García Peña had an active participation in the campaigns against the Yaquis that were carried out from 1887 to 1901 and commanded the 11th Battalion of the Mexican National Guard and was head of column in several explorations in the mountains. He also served as inspector of the staff of the first, second and third military zones. For his outstanding performance in the Yaqui War on March 19, 1900, García Peña obtained the honorable mention and on April 16 of the same year, was awards the Decoration of 3rd. Class of the Order of Military Merit. In 1904 he was promoted to Brigadier General.
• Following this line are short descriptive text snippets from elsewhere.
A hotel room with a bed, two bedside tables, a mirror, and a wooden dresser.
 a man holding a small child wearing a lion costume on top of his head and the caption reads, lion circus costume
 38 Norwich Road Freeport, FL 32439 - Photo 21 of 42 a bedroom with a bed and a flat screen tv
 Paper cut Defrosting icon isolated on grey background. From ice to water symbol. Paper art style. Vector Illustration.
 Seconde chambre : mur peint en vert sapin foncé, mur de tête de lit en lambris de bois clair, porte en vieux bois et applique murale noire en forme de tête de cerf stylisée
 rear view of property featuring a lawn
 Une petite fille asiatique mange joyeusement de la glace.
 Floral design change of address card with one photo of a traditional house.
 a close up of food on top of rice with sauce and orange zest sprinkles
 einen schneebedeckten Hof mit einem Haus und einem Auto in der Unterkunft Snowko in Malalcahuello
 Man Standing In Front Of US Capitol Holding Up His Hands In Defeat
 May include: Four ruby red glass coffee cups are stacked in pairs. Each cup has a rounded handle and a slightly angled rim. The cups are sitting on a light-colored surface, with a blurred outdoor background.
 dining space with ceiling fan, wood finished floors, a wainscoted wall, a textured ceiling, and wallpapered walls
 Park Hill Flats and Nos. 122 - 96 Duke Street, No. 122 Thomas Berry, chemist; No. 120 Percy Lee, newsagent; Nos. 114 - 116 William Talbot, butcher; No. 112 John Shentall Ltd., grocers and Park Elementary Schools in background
In 1910 and 1911 he fought the Maderistas in Chihuahua, and after the fall of the Porfiriato he was promoted to brigadier general on September 12, 1911, by agreement of the interim president Francisco León de la Barra. In February 1912 he was commissioned to organize an Auxiliary Irregular Battalion of the Federation in Jalapa and Veracruz and on March 5 received from Francisco I. Madero the Secretary of War and Navy in his presidential cabinet. In 1912 the King of Spain, Alfonso XIII, awarded General García Peña the Grand Cross of Military Merit and on September 11 of that same year he received the rank of general of division.

When the events known as the Ten Tragic Days unleashed, García Peña faced the uprising and on February 9, he attempted to evict a group of rebels who were in the National Palace, but was wounded during the fighting as he was shot through the arm.

Upon the triumph of Victoriano Huerta's squads, he requested his retirement from active service, which was granted on March 1, 1913. At that time, García Peña dedicated himself to carrying out private surveying works, but when in April 1914 the government of Huerta sent for him on the notice of the United States occupation of Veracruz, he immediately left in command of a division of five thousand men heading for Perote in order to fight the Americans but was defeated in the battle.

When the danger of war dissipated, García Peña again requested his retirement from active service, which this time was granted on July 9, 1914; and during the government of Venustiano Carranza he returned to serve as a military man from 1916 to January 1920, when he permanently retired from arms. García Peña died on November 23, 1928, in Mexico City.